Wednesday, October 31, 2007

Severo Sarduy.


Siempre sentí una debilidad especial por los sonetistas contemporáneos [aunque hay pocos que merezca la pena reseñar], pues acostumbro a entrenarme intentando sonetos en la búsqueda de la música y el ritmo en el poema. Hoy recalo sin querer [azares de enredar en mi biblioteca] en un sonetario muy de mi gusto y en un autor que me fascina: el poemario es “Un testigo fugaz y disfrazado”, y el autor responde al nombre de Severo Sarduy. Tiene un soneto que le viene muy bien a estas páginas, pues su título es ‘Página de un diario’, tanto como a una idea de la muerte que comparto:

Pasado, todo el día, en el complejo
trámite funerario. No es la muerte
lo que derrumba con su hachazo –fuerte
así es el hombre–, sino el turbio espejo

que nos tiende. Si su mercurio muestra
tetanizada de dolor y miedo
una cara deforme o el remedo
de una cara –un borrón–: eso es la nuestra

devuelta a su verdad por la guadaña
que no ahuyenta la fuerza ni la maña.
Es su brasa te alumbres o te quemes,

que no sepa, ni en sombra, lo que temes,
ese dios que veneras y encareces.
Porque eso mismo te dará.

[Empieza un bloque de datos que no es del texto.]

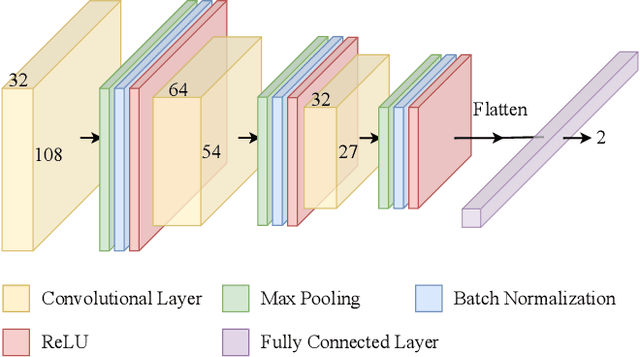 Figure 3 for Automated Hit-frame Detection for Badminton Match Analysis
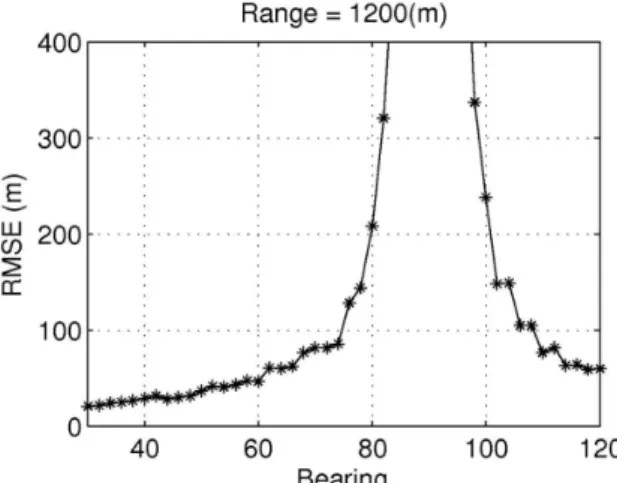 Fig.  8.  RMSE  of  range  estimation  for  range  variation  (DOA  40°) 5.  결  론     본  논문에서는  근거리  다중경로환경의  잠수함에서  탐지되는  이중허위표적  현상을  이용하여  표적의  거리 를  추정하는  알고리즘을  제안하였다 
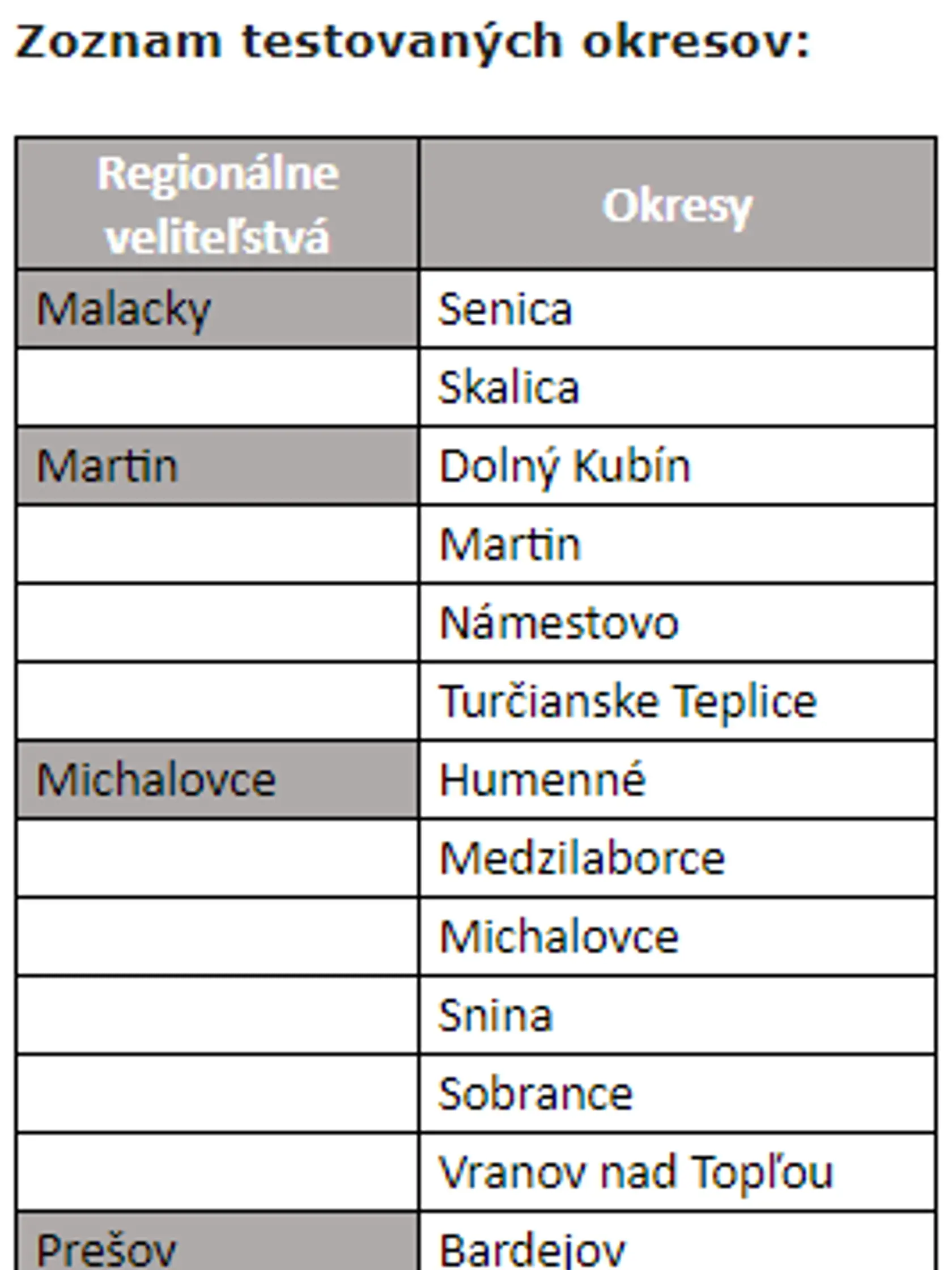 Tieto okresy a ich obyvatelia sa musia pripraviť na ďalšie kolo plošného testovania.
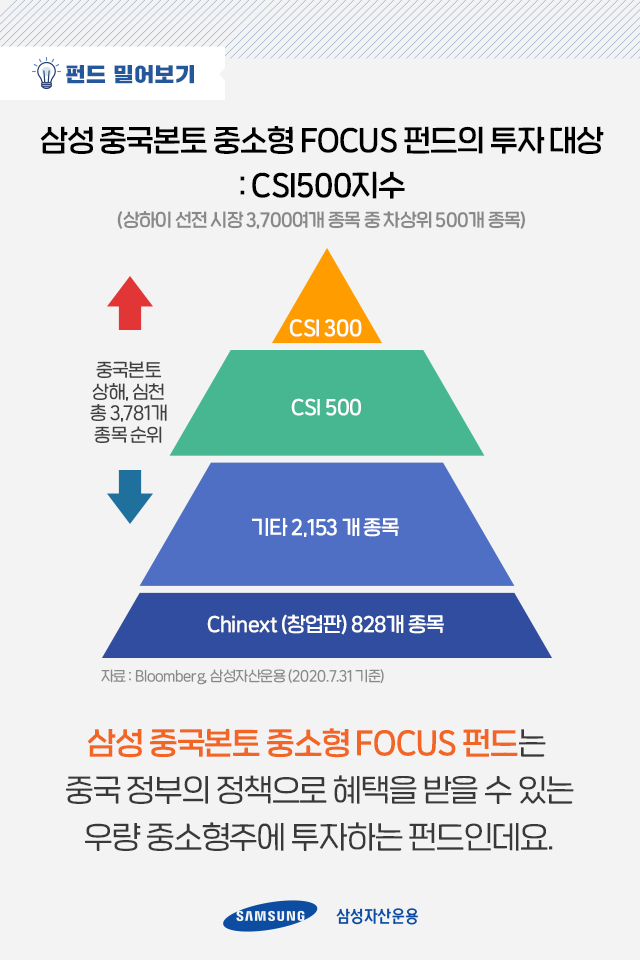 전 세계를 호령할 중국과 아세안에 투자하는 법 전 세계를 호령할 중국과 아세안에 투자하는 법 펀드밀어보기_내지_04 04 전 세계를 호령할 중국과 아세안에 투자하는 법 전 세계를 호령할 중국과 아세안에 투자하는 법 펀드밀어보기_내지_04 04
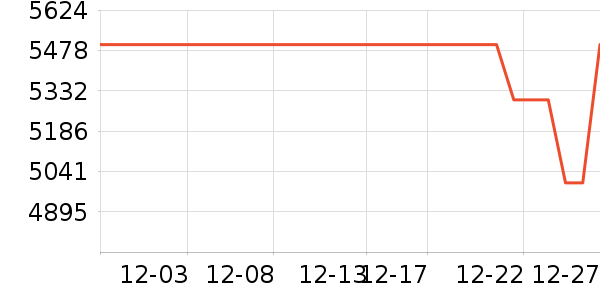 vivo�ֻ���ʷ�۸�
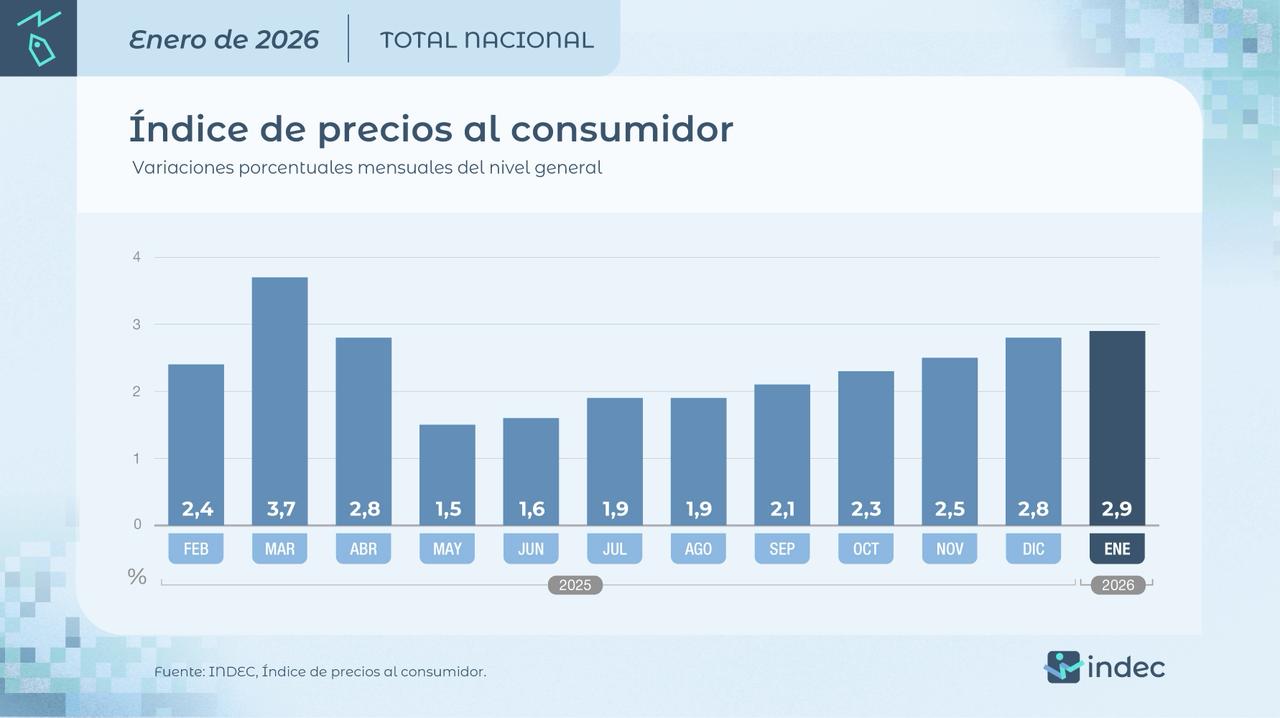 La inflación fue del 2,9% en enero y marcó su nivel más alto desde marzo de 2025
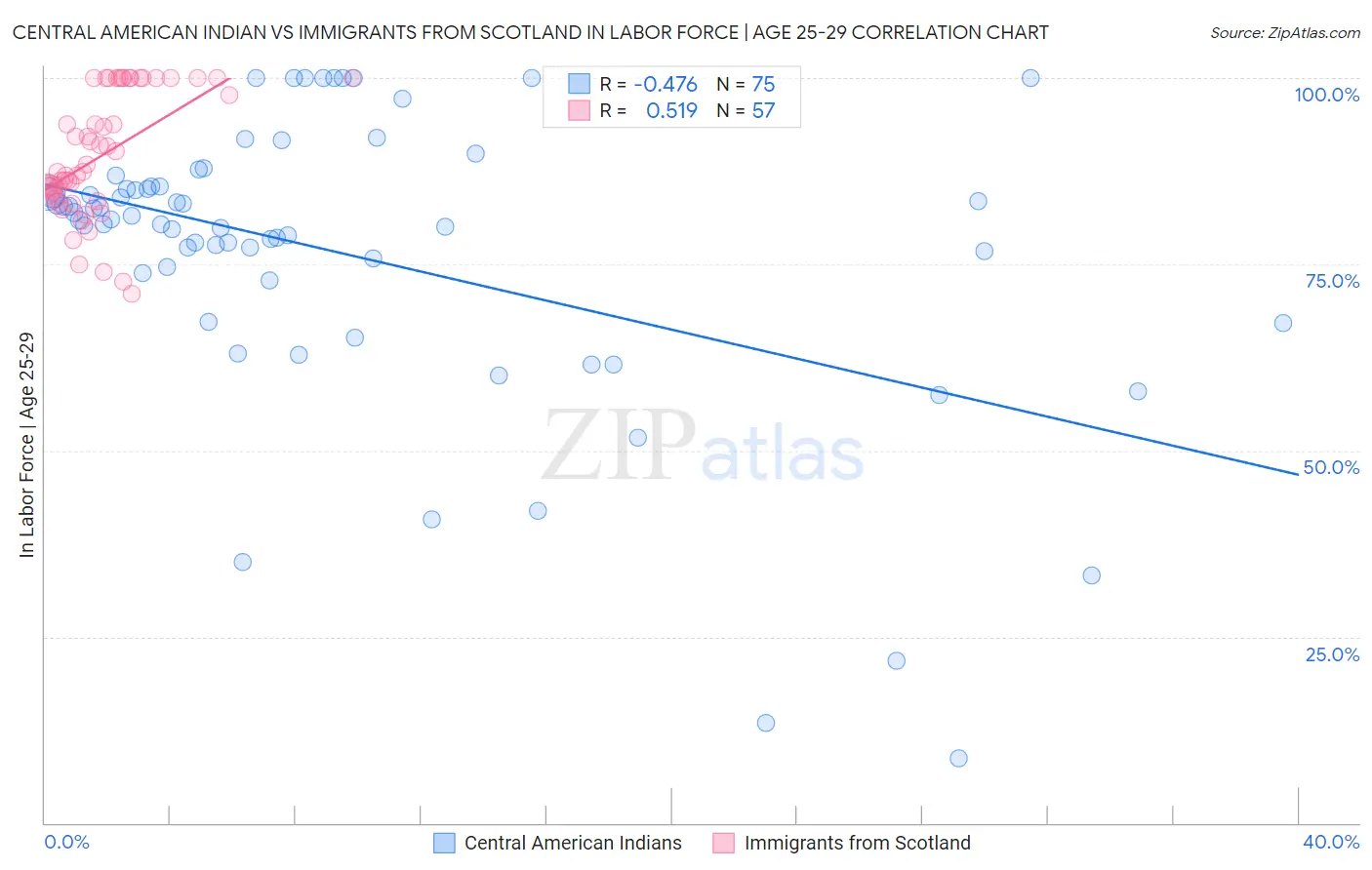 Central American Indian vs Immigrants from Scotland In Labor Force | Age 25-29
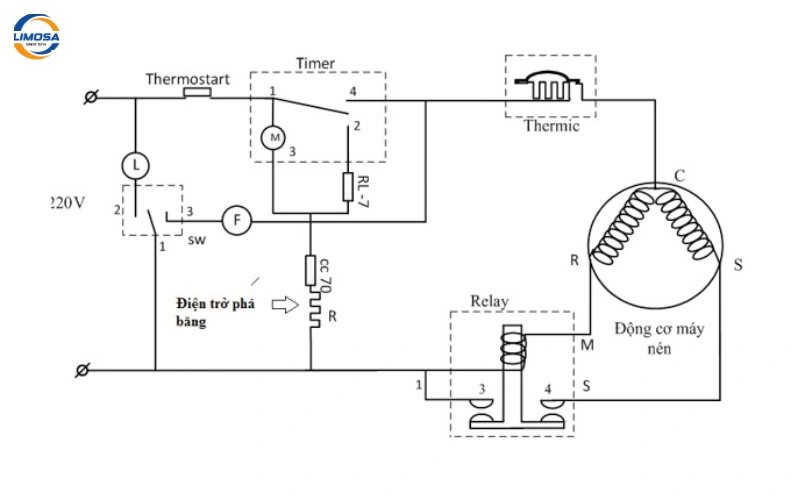 Giới thiệu về sơ đồ mạch điện tủ lạnh Sanyo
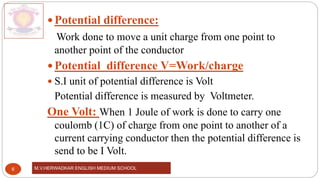 M.V.HERWADKAR ENGLISH MEDIUM SCHOOL
6
 Potential difference:
Work done to move a unit charge from one point to
another point of the conductor
 Potential difference V=Work/charge
 S.I unit of potential difference is Volt
Potential difference is measured by Voltmeter.
One Volt: When 1 Joule of work is done to carry one
coulomb (1C) of charge from one point to another of a
current carrying conductor then the potential difference is
send to be I Volt.
 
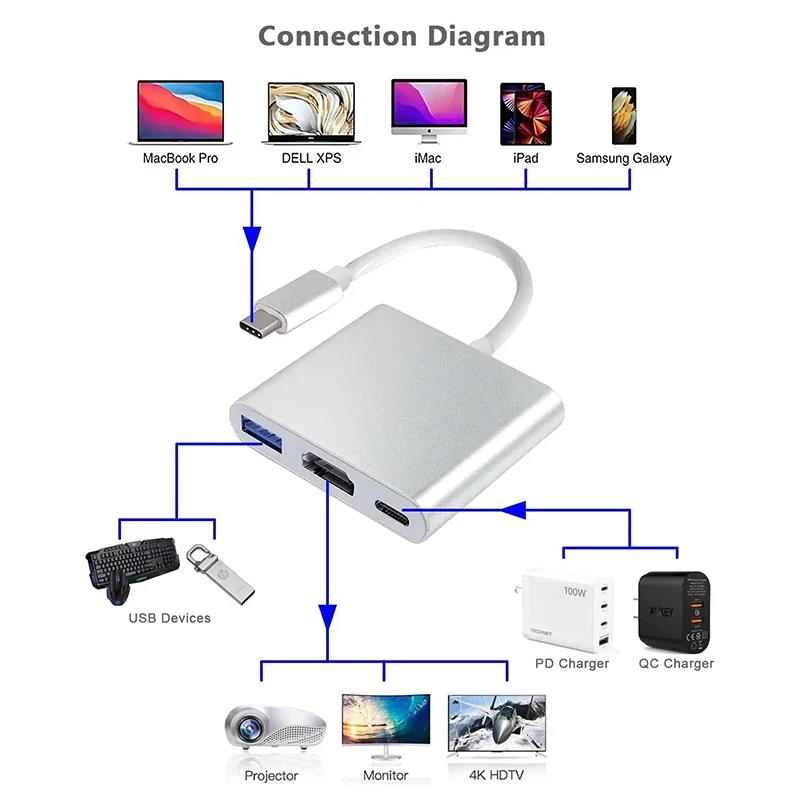 3 In 1 Type C to HDMI-compatib - Hdmi Adapter Tablet 评论和价格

Y con creces.

Como curiosidad, suyo también es un soneto que lleva por título “Que se quede el universo sin estrellas” y que no tiene nada que ver con la canción que todos conocemos.
(17:31 horas) Es tan importante el idioma [‘propiedad privada’ es el significado original del término griego], que además de servir para nombrar, y por tanto para dar existencia a las cosas que nos rodean, sirve para tener consciencia del mundo, para comunicar nuestros sentimientos y recibir los de los demás, para conservar la historia pequeña y la grande, como potencia creadora en campos tan magníficos como el arte o la poesía, para armar la evolución social en base a uso [el del idioma] filosófico, para edificar nuestro pensamiento complejo, para rememorar y hacer revivir lugares y gentes en mentes que no las conocieron, para amar y odiar, para agredir y perdonar… Si nos detenemos a analizarlo, nos percataremos de que pensamos en nuestro idioma, de que sentimos con él, de que amamos en él y por él, de que somos en función de sus limitaciones y de sus caminos por hollar.
También el idioma nos aporta cierta trama de automatismo que nos hace en cierta forma el carácter a los que lo compartimos en uso y costumbre, y eso es realmente peligroso, pues se pierde el valor neto de la palabra y su idea, adormeciendo y hurtando la grave potencialidad expresiva y significativa que posee.
Es jodido caer en la red de lo automático [esa historia de repetir frases, actos, hechos… sin saber por qué lo hacemos, habiendo olvidado la necesidad original que los planteó]. Ese automatismo es muy bien aprovechado por los medios de masas, por los gobiernos poderosos y por las empresas globales como pauta hacia la alienación de los grupos humanos y de los individuos… por ello es preciso que empecemos por ser muy cuidadosos con lo que decimos y con la forma en que lo decimos… a la vez que exigir encarecidamente a quien nos habla o a quien nos ofrece un discurso grupal, que sea absolutamente meticuloso con el idioma, de tal forma que todos y cada uno de los receptores sean/seamos capaces de procesar con garantía tanto lo preclaro como las trampas buscadas o ya instaladas en el proceso automático.
Para lograr tal utopía [juego con imposibles, pues cualquier utopía lo es], es preciso que la formación de nuestros hijos vaya dirigida con empeño y vigor hacia ese conocimiento del idioma y sus usos, que lo demás debe ser fruto de la propia curiosidad [o de la ajena], y dejarse de esas zarandajas modernas de tecnologías, música, plástica y educación física [otra cosa sería armar esas materias en función del mejor aprendizaje del idioma, sin exigir contenidos, pero exigiendo ‘expresión’ y conocimiento exacto de vocabulario específico].